Als Vorsitzender des größten Regionalrates in Nordrhein-Westfalen, des Regionalrates in Köln, sage ich Ihnen: Wir brauchen Ihre Vorgaben nicht. Wir machen seit Jahren eine verantwortungsbewusste Regionalplanung. Wie die Kommunen, so lehnen auch wir dieses Gesetz als Eingriff in die Planungskompetenz des demokratisch legitimierten Regionalrates ab.

(Beifall von der CDU)

Nicht umsonst haben Sie eine Stellungnahme des Regionalrats Köln bekommen, die von CDU, SPD und FDP getragen wurde.

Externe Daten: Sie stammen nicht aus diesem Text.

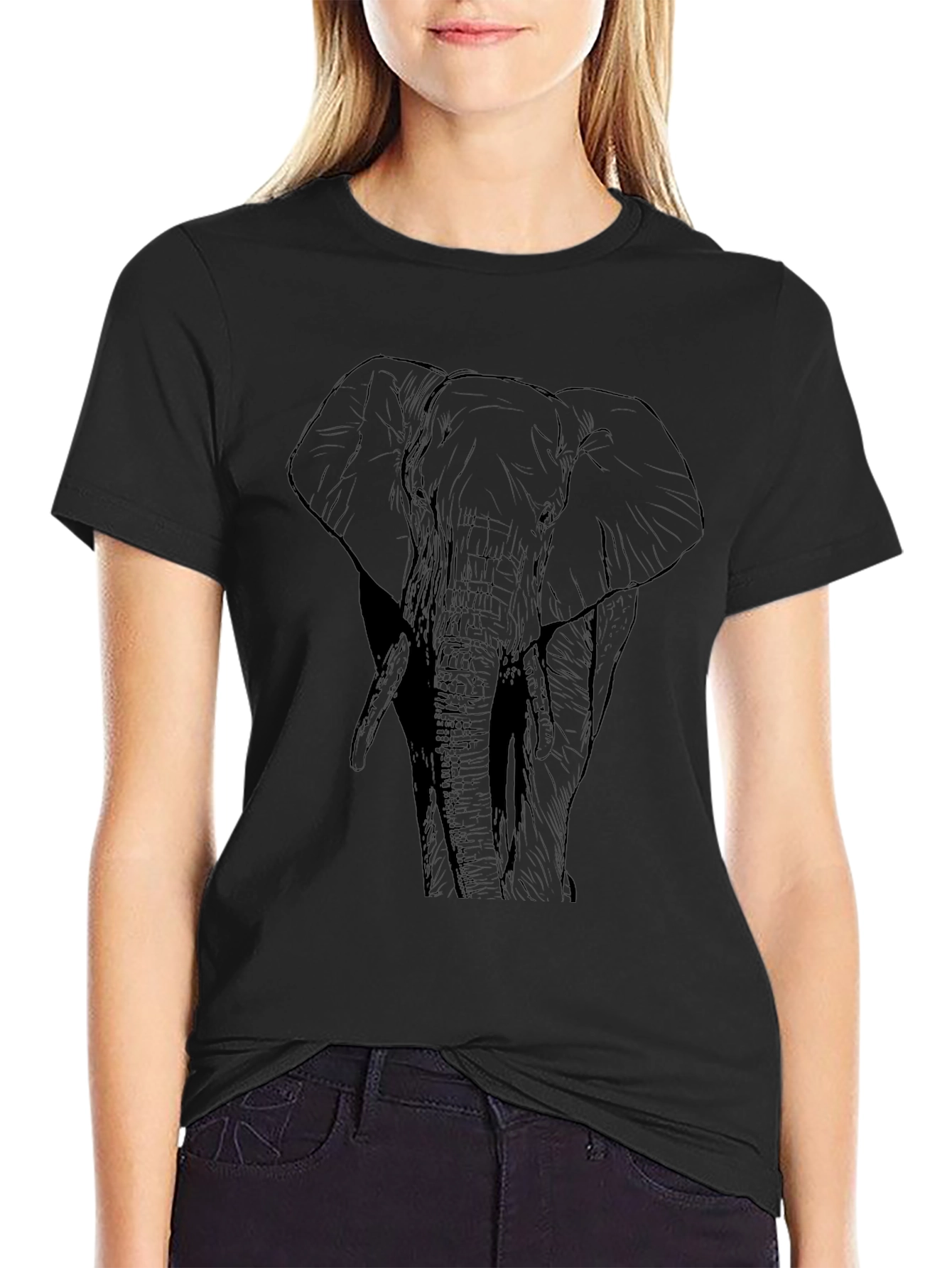 Elephant Graphic Print Black T-Shirt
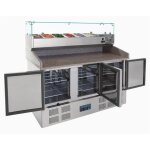 Table pizza réfrigérée avec vitrine à ingrédients - 3 portes - polar Table pizza réfrigérée avec vitrine à ingrédients - 3 portes - polar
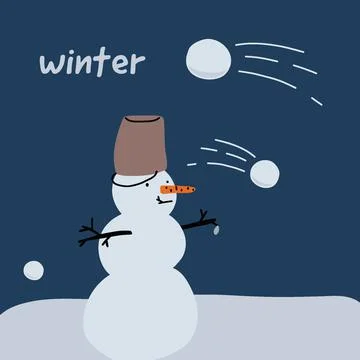 Cute stylish postcard about winter, snow, nature Stock Illustration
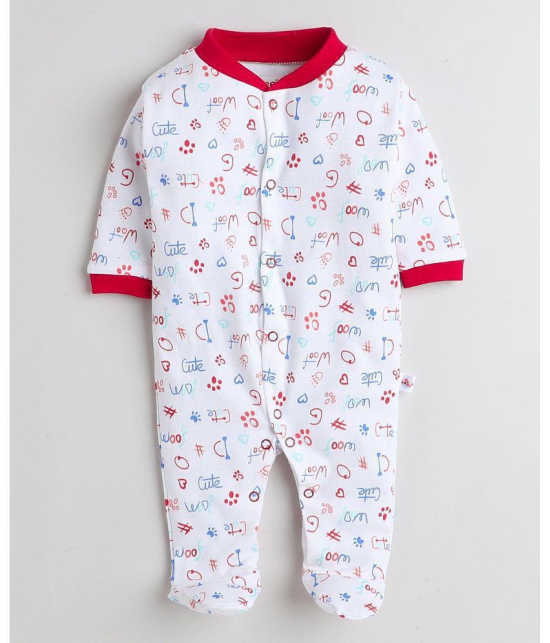 BUMZEE - Red & White Cotton Rompers For Baby Boy ( Pack of 3 ) - None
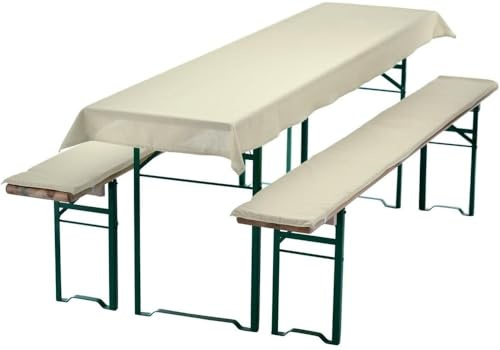 Waidmeister Bierbankauflagen Set 3 teilig - Auflagen für Bierzeltgarnitur - 1 Tischdecke 240x70 cm für Biertisch & 2 Bankauflagen gepolstert 220x25 - Farbe: Ecru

Das sollte Ihnen und vor allen den Kollegen bei der SPD zu denken geben.

Ich wundere mich, dass Sie diese Entdemokratisierung mitmachen,

(Zuruf von Sigrid Beer [GRÜNE])

dass Sie ein Gesetz beschließen wollen, das ein Ermächtigungsgesetz für den Minister ist.

(Unruhe von der SPD und den GRÜNEN – Zurufe von der SPD und den GRÜNEN: Pfui!)

In diesem Gesetz steht keine einzige Maßnahme, sondern das ist ein Ermächtigungsgesetz für den Minister zur Deindustrialisierung unseres Landes.

Meine Damen und Herren, seit letzter Woche wissen wir, was die SPD will. Minister Groschek – leider ist er jetzt nicht da – hat eine großartige Idee präsentiert: Die SPD will die Relikte einer längst untergegangenen Industrie zum Weltkulturerbe machen. Herr Groschek, wissen Sie eigentlich, dass die Industrie längst untergegangen ist? Zechen, Gasometer und stillgelegte Hochöfen sind Geschichte. Das sind Relikte der Vergangenheit.

(Lebhafter Widerspruch von Rainer Schmelt- zer [SPD])

Regen Sie sich doch nicht so auf!

Liebe Kolleginnen und Kollegen von der SPD, ich habe den Eindruck: Ihnen ist noch gar nicht klar, dass Sie ganz schnell eine neue und größere Idee präsentieren müssen, nämlich ganz NordrheinWestfalen mit seiner gesamten Industrie zum Weltkulturerbe anzumelden. Ich schlage Ihnen vor, beides zusammen zu machen: Verabschieden Sie das Klimaschutzgesetz, und stellen Sie einen Antrag bei der UNESCO, Nordrhein-Westfalen unter Weltkulturerbeschutz zu stellen. Das ist das, was Sie mit diesem Gesetz bewirken werden.

(Thomas Eiskirch [SPD]: Unglaublich! – Rai- ner Schmeltzer [SPD]: Setzen, sechs! – An- haltende Pfui- und Buh-Rufe von der SPD und den GRÜNEN)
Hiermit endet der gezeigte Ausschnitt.